High mobility trailer: Diverse team surmounts design problems to produce a trailer capable of living up to its name - Army Equipment Modernization - United States Tank Automotive and Armaments Command

Program Manager, Nov-Dec, 2001 by Nancy A. Moulton, Eric R. Noyes

As the model identifies unacceptable stresses, it can be altered in terms of design or material specifications to measure whether the changes improve the item's performance. Once the FEA predicts an acceptable design, the Computer Aided Design software produces the engineering specifications needed to translate the model into the physical item for manufacturing. SAIC's engineers followed such a process to analyze the surge brake.

Concurrent with development of the surge brake computer model, PM-LTV organized a test at APG to precisely measure the forces exerted on an HMT surge brake and drawbar during fully loaded cross-country travel at required speeds. An HMT surge brake and drawbar were instrumented with strain gages and accelerometers; a towing HMMWV was equipped with data recorders to record 48 channels of data simultaneously 400 times per second for up to 15 minutes; and a video camera provided a visual record of the surge brake throughout the tests. The instrumented HMT was towed several times on the Perryman No. 3 cross-country test course at APG in the fall of 1999.
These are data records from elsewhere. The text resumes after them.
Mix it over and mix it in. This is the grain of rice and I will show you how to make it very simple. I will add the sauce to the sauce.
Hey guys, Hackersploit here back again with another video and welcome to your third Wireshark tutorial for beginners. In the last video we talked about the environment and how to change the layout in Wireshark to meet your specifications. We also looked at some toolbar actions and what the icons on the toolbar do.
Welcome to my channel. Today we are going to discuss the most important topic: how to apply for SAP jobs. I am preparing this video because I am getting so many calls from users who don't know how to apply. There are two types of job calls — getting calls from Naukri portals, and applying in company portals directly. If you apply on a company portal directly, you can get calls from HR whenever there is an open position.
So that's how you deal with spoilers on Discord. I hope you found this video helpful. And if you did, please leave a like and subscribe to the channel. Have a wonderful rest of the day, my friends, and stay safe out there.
Once the IPT analyzed the test data from APG to learn the maximum forces being applied to the surge brake, they learned that the heavy HMT surge brake was subjected to peak loads of over 32,000 lbs. along the longitudinal axis of the drawbar, and upward loads of over 8,000 lbs. during the fully loaded cross-country tests. These were loads the surge brake was not designed to withstand.
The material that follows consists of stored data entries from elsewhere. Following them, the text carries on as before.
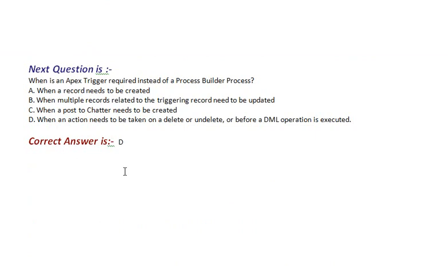Our next question is, when is an Apex trigger required instead of a process builder process? Option A, when a record needs to be created.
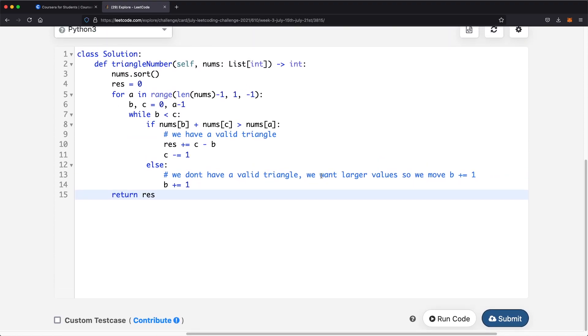Outside the loops, we return result. Our submission was accepted. Hopefully this video helped you out — let me know if you have any questions, and thanks a lot for watching.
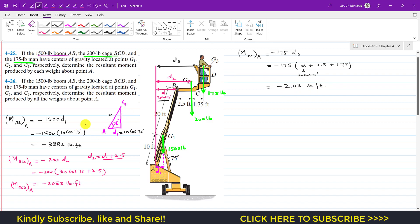So summarizing: the moment of boom AB about A is -3882 lb·ft, the moment of cage BCD about A is -2053 lb·ft, and the moment of the man about A is -2103 lb·ft. For the second problem, we determine the resultant moment of all weights about point A.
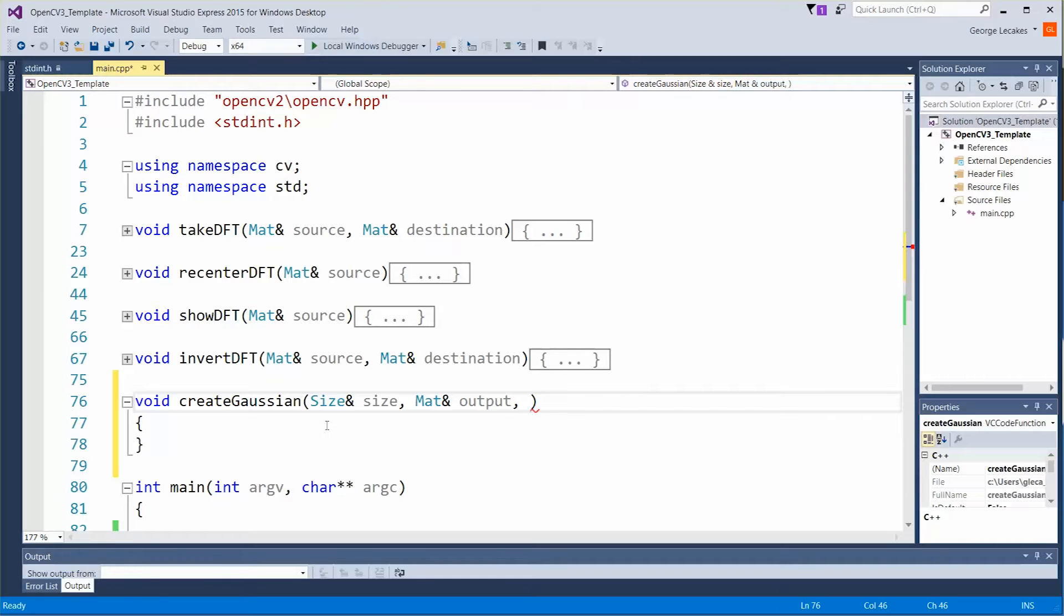The next five parameters are going to control how this Gaussian is created. The first two are the mean in the x and y direction followed by the sigma value or standard deviation and also in the x and y direction. And finally an optional amplitude component but that's usually just going to stay at one.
PM-LTV also analyzed the measured loads for frequency of occurrence and duration, and developed nominal analysis loads to be inputs to the FEA. The HMT Surge Brake Finite Element Analysis is a graphical prediction of the amount of strain each portion of the surge brake might experience in the real world. Different colors highlight the areas where strain occurs at or above levels that are of interest to the designers.

Growing Outside Pressure

While the IPT worked to develop a solution to the HMT's design deficiencies, outside pressure grew to find a solution. In October 1999, the U.S. General Accounting Office issued a report to the U.S. Senate (GAO/NSAID-00- 15), titled "Defense Acquisitions - Army Purchased Truck Trailers That Cannot Be Used as Planned." Prepared at the request of Iowa Senator Tom Harkin, the report detailed the programmatic and technical problems in the program's history and recommended that the Army, before procuring additional trailers, demonstrate that the HMT design will perform, as required, without causing damage to the HMMWV.
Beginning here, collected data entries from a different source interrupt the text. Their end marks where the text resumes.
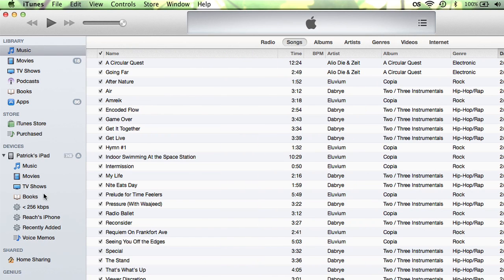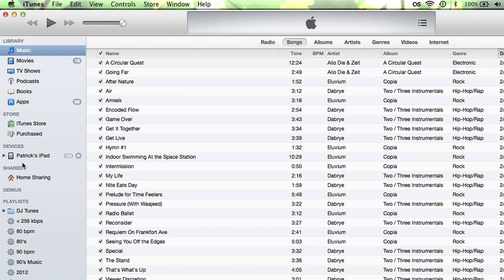Once we show the sidebar, voila — in the sidebar there's devices, there's my iPad. If I had other things plugged in they would show up under the devices menu too, and that is how you see the devices menu in the new iTunes.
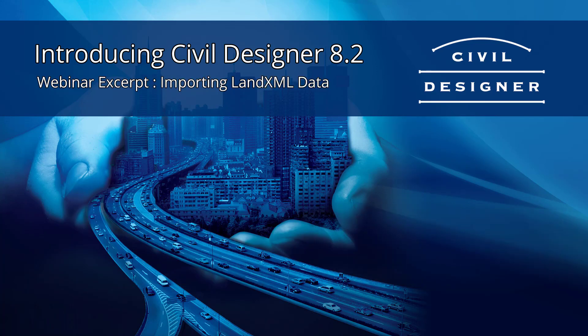In this segment, I'll be covering the new features in 8.2 with regards to LandXML. The collaboration between different professionals across different disciplines, often using different software within the geospatial environment, is extremely important for complex projects to come together within one 3D model. LandXML is a data format which allows such collaboration.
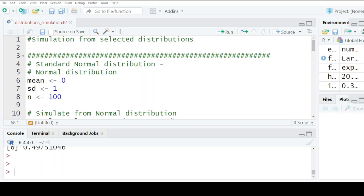This is another opportunity to look at simulation, and we'll be looking at distributions. The first one is the normal distribution.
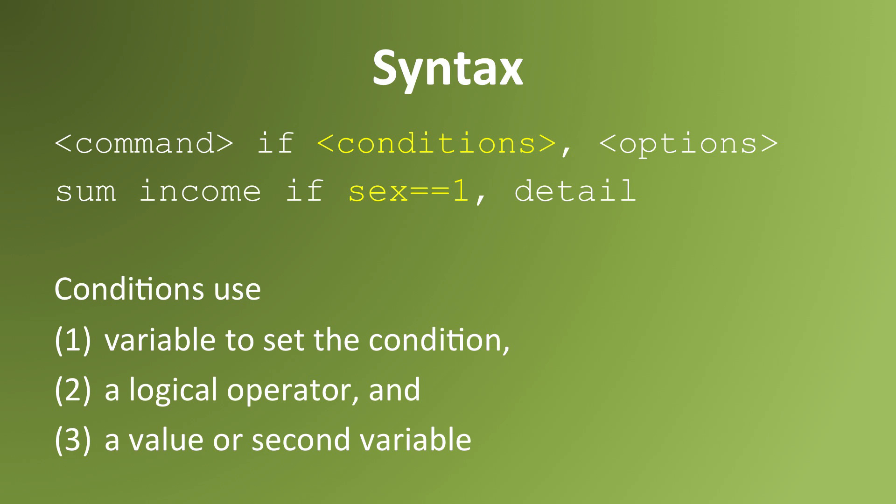The if conditions use a variable to set the condition, a logical operator, and a value or second variable. In this example I use the variable sex to create the condition. The logical operator, is equal to one, sets the condition of whether or not the operation will be applied to an observation.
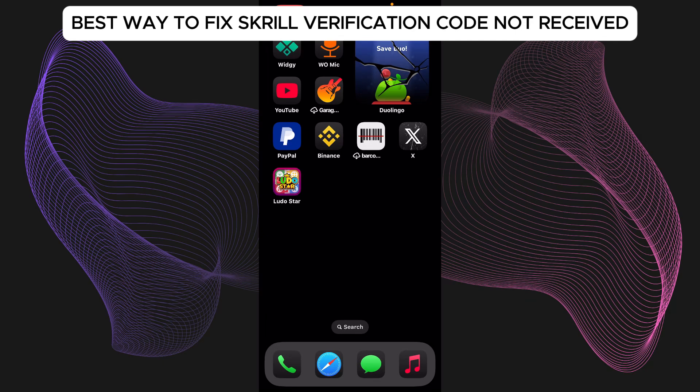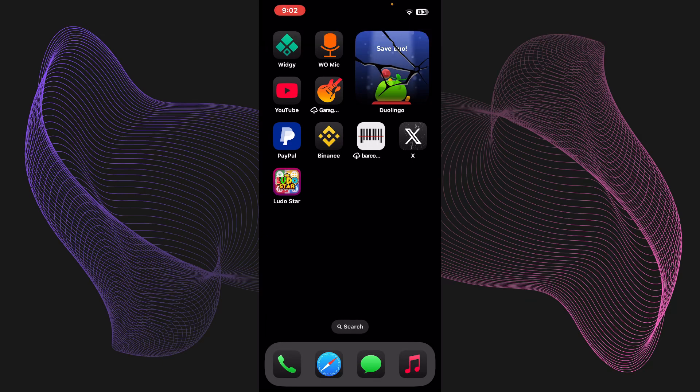Okay, so here is the best way on how you can fix Skrill verification code not received. Make sure you watch this tutorial till the end to exactly know what to do.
Release of the report and Senator Harkin's subsequent press conference on the results focused national news media attention on the HMT. On Oct. 27, 1999, ABC World News Tonight broadcast a report on the HMT in its regular news segment, "It's Your Money." This is a recurring report in which ABC News highlights ways the Federal Government spends or does not spend the taxpayers money The HMT broadcast was quite critical of the HMT program.